Ашан полыхал.
Огонь проклятья то накидывался на него, желая поглотить душу воина без остатка, то отступал, повинуясь мощному дару ворожеи. Воин попытался встать, но тело не слушало хозяина. Оно ломалось под натиском боли, сгибалось в тугую пружину, а потом снова выгибалось дугой.
Раз за разом.
Минута за минутой.
А потом, когда Ашан думал, будто выдержать это уже не можно, пространство разорвалось, и в лицо ему полетела горсть снега.

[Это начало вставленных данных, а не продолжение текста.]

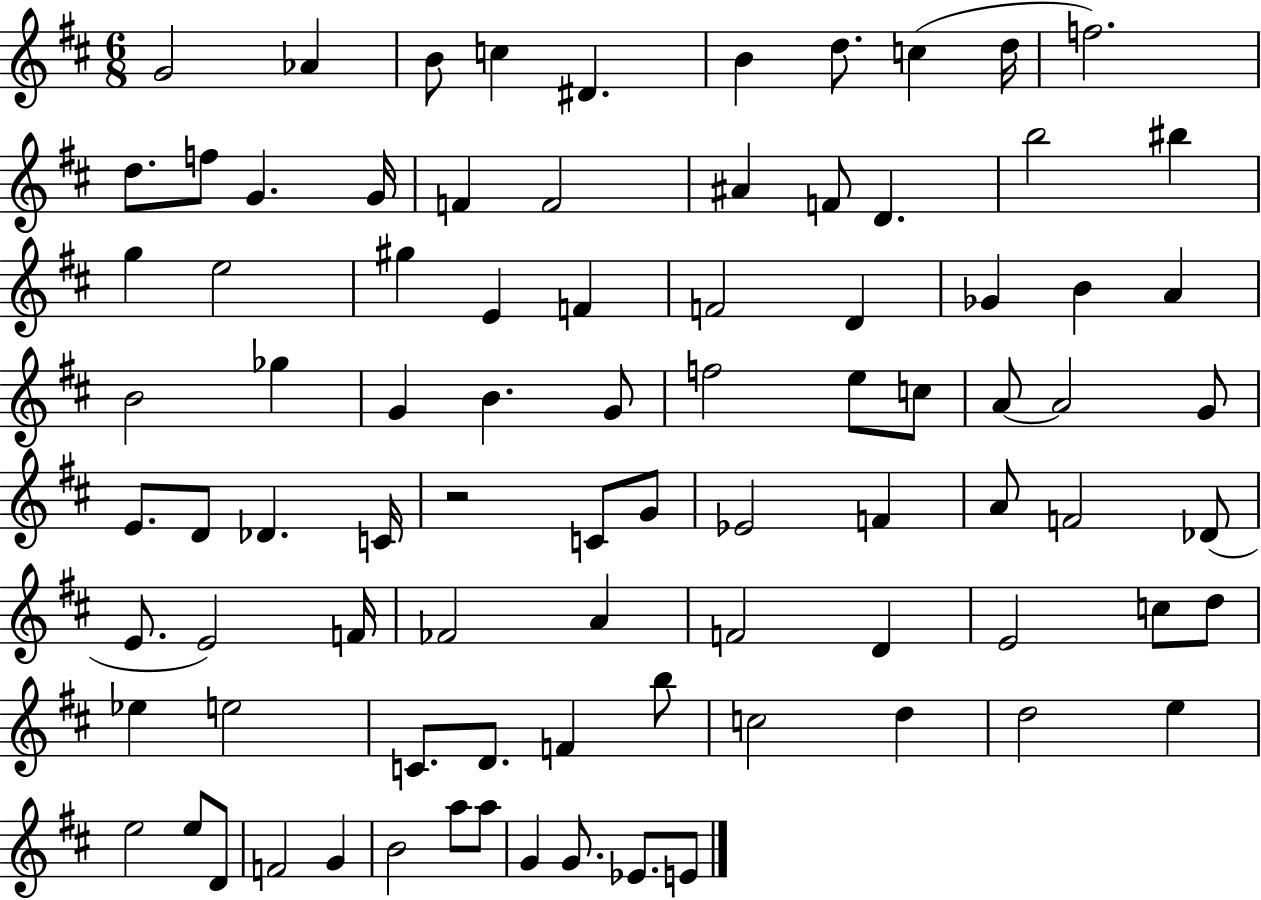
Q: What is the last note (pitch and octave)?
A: E4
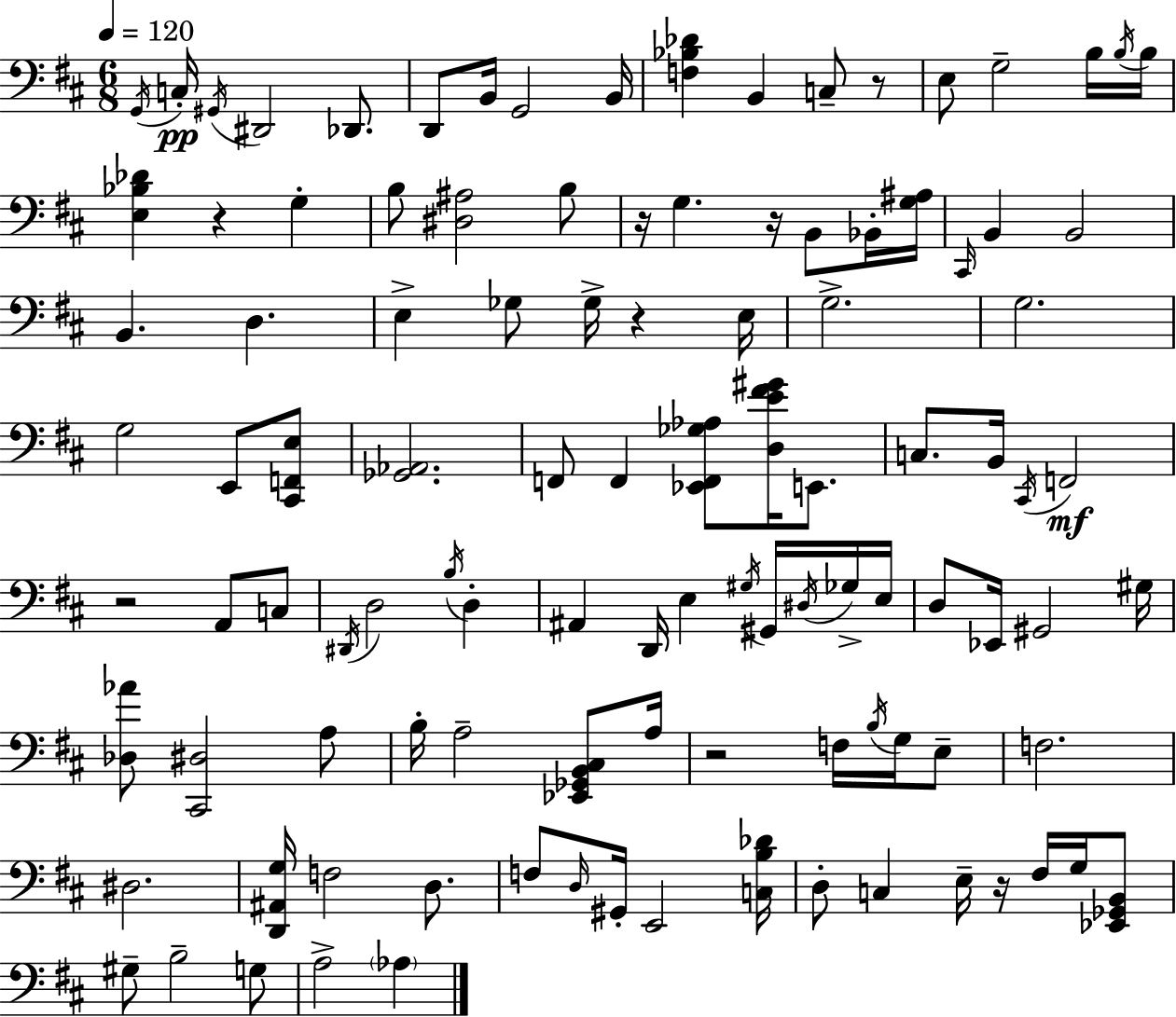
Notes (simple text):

G2/s C3/s G#2/s D#2/h Db2/e. D2/e B2/s G2/h B2/s [F3,Bb3,Db4]/q B2/q C3/e R/e E3/e G3/h B3/s B3/s B3/s [E3,Bb3,Db4]/q R/q G3/q B3/e [D#3,A#3]/h B3/e R/s G3/q. R/s B2/e Bb2/s [G3,A#3]/s C#2/s B2/q B2/h B2/q. D3/q. E3/q Gb3/e Gb3/s R/q E3/s G3/h. G3/h. G3/h E2/e [C#2,F2,E3]/e [Gb2,Ab2]/h. F2/e F2/q [Eb2,F2,Gb3,Ab3]/e [D3,E4,F#4,G#4]/s E2/e. C3/e. B2/s C#2/s F2/h R/h A2/e C3/e D#2/s D3/h B3/s D3/q A#2/q D2/s E3/q G#3/s G#2/s D#3/s Gb3/s E3/s D3/e Eb2/s G#2/h G#3/s [Db3,Ab4]/e [C#2,D#3]/h A3/e B3/s A3/h [Eb2,Gb2,B2,C#3]/e A3/s R/h F3/s B3/s G3/s E3/e F3/h. D#3/h. [D2,A#2,G3]/s F3/h D3/e. F3/e D3/s G#2/s E2/h [C3,B3,Db4]/s D3/e C3/q E3/s R/s F#3/s G3/s [Eb2,Gb2,B2]/e G#3/e B3/h G3/e A3/h Ab3/q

...Колючие безжалостные льдинки больно царапали кожу, и воин поднял ладони к лицу, чтоб укрыться. Вот только руки его были совсем не те, что сейчас - маленькие, с тонкими белыми пальцами и темной грязью под отросшими ногтями.
И сам он вновь стал тем, кем был давным-давно. Был и... не был без Здебора...
Малец бежал так скоро, что споткнулся от острой боли в икре. Перетружденную, ее свело в резкой судороге. Лицо зарылось в мокрый снег, и слезы смешались с талой водой.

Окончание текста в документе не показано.